Two appeals were challenging gun-control legislation enacted by the New York and Connecticut legislatures in the wake of the 2012 mass murders at Sandy Hook Elementary School in Newtown, Connecticut. The New York and Connecticut laws at issue prohibit the possession of certain semiautomatic "assault weapons" and large-capacity magazines. Following the entry of summary judgment in favor of defendants on the central claims in both the Western District of New York and the District of Connecticut, plaintiffs in both suits pressed two arguments on appeal.

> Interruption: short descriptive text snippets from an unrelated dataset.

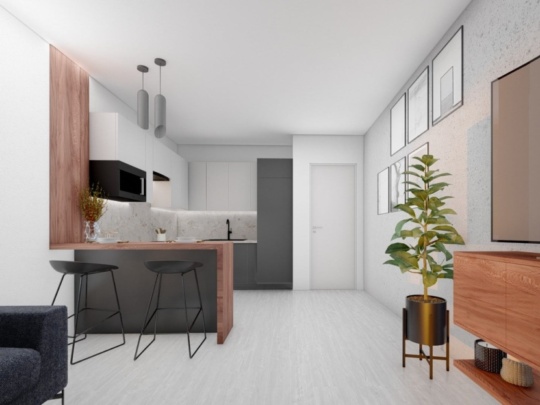 moderní prosvětlená kuchyň spojená s obývacím pokojem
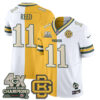 Green Bay Packers Jayden Reed Rivalries Split Edition Vapor Jersey - All Stitched - Yellow White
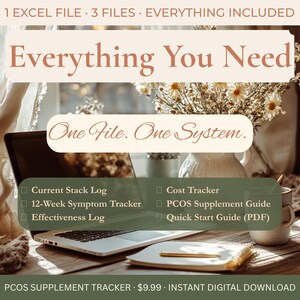 K&ouml;nnte beinhalten: Digitaler PCOS-Erg&auml;nzungsmittel-Tracker mit dem Text "Everything You Need" und "One File. One System." Das Bild enth&auml;lt einen Laptop, ein Notizbuch und eine Tasse. Zu den Funktionen geh&ouml;ren ein aktuelles Stack-Protokoll, ein Kosten-Tracker und eine Schnellstartanleitung.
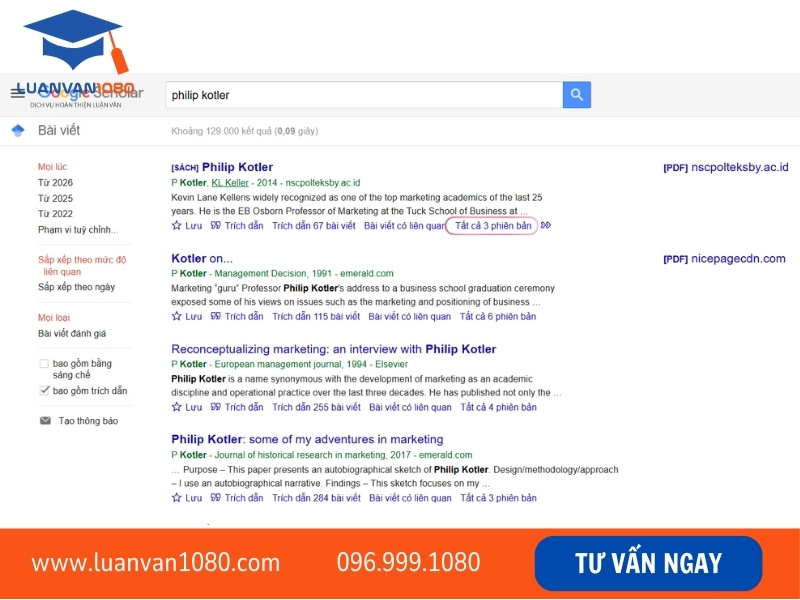 Cách tải bài báo khoa học miễn phí qua Google Scholar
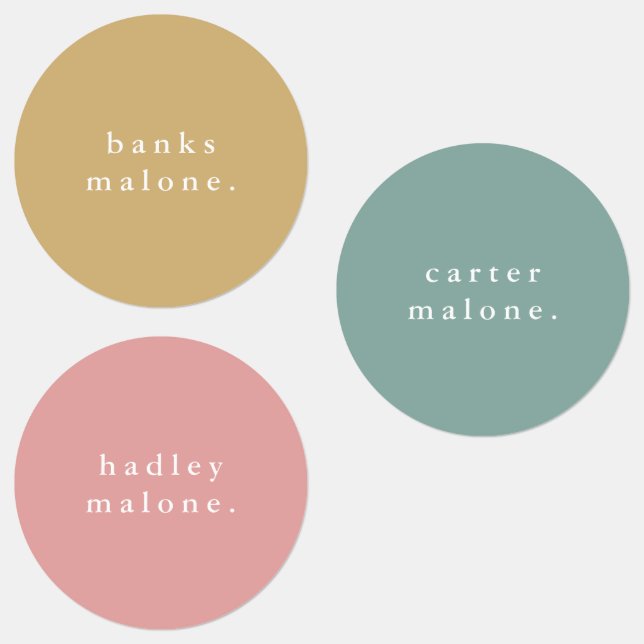 Enkel Boho-regnbåge Vattentålig Namn Klistermärke (Grupp)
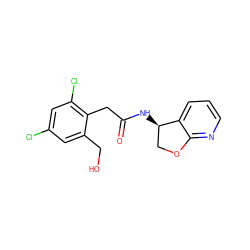 O=C(Cc1c(Cl)cc(Cl)cc1CO)N[C@@H]1COc2ncccc21 ZINC000146602850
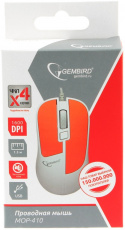 Мышь Gembird MOP-410-O (USB, optical, 1600dpi, 1.5m, soft-touch, white-orange)
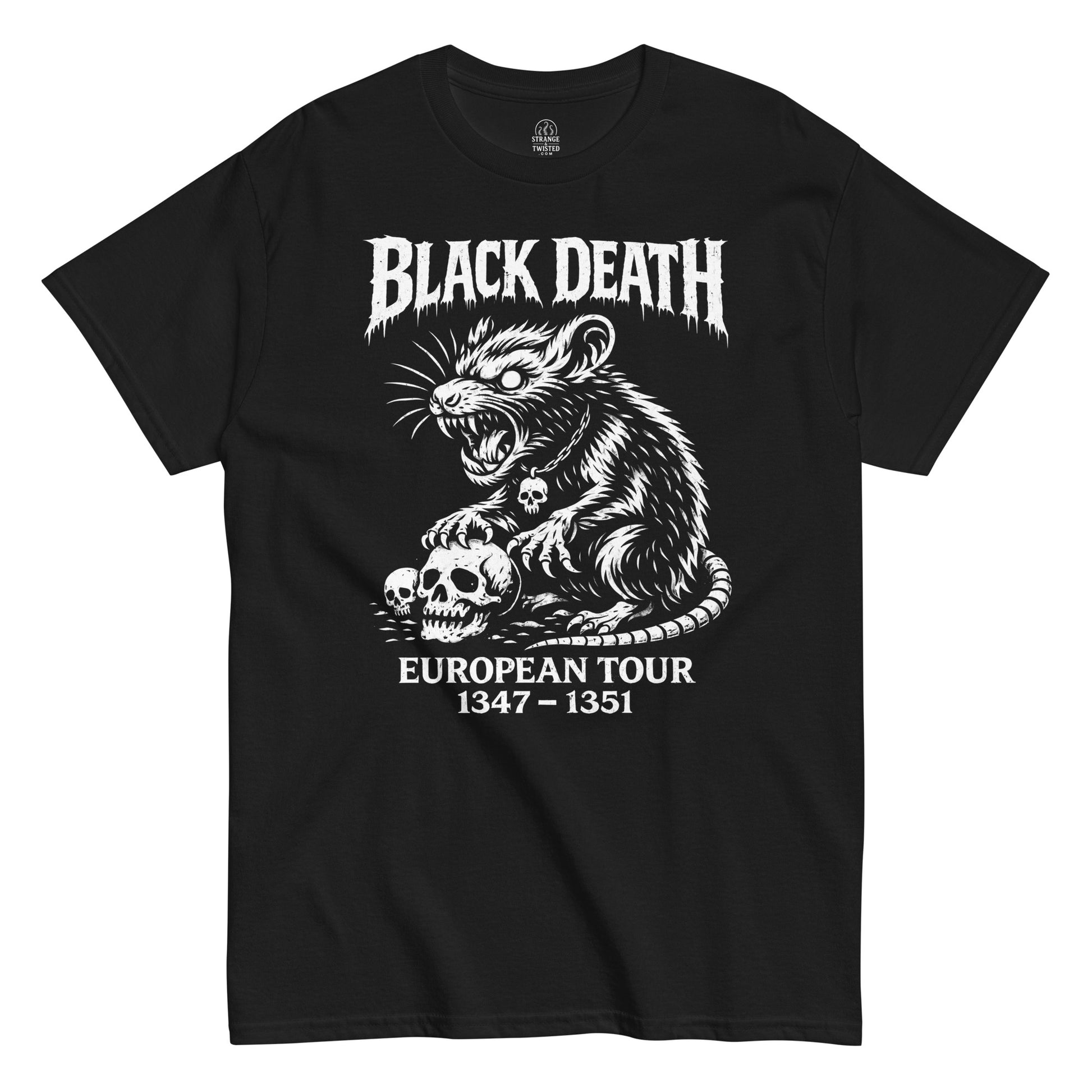 Black Death European Tour 1347 to 1351 plague rat skull illustration on black t shirt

First, they challenged the constitutionality of the statutes under the Second Amendment; and second, they challenged certain provisions of the statutes as unconstitutionally vague. Defendants in the New York action also cross-appealed the District Court's invalidation of New York's separate seven-round load limit and voiding of two statutory provisions as facially unconstitutionally vague.
Did the core prohibitions by New York and Connecticut of assault weapons and large-capacity magazines violate the Second Amendment?
The court held that the core provisions of the New York and Connecticut laws prohibiting possession of semiautomatic assault weapons and large-capacity magazines did not violate the Second Amendment where, assuming that the prohibited conduct fell under the Second Amendment and applying intermediate scrutiny, the provisions were substantially related to public safety and crime reduction. The court also found that specific prohibition on the non-semiautomatic Remington 7615, Conn. Gen. Stat. § 53-202a(1), fell within the scope of the Second Amendment and failed intermediate scrutiny. New York's seven-round load limit, N.Y. Penal Law § 265.37, did not survive intermediate scrutiny in the absence of requisite record evidence and a substantial relationship with important state safety interests. Finally, the court found that no challenged provision in either New York or Connecticut statute was unconstitutionally vague.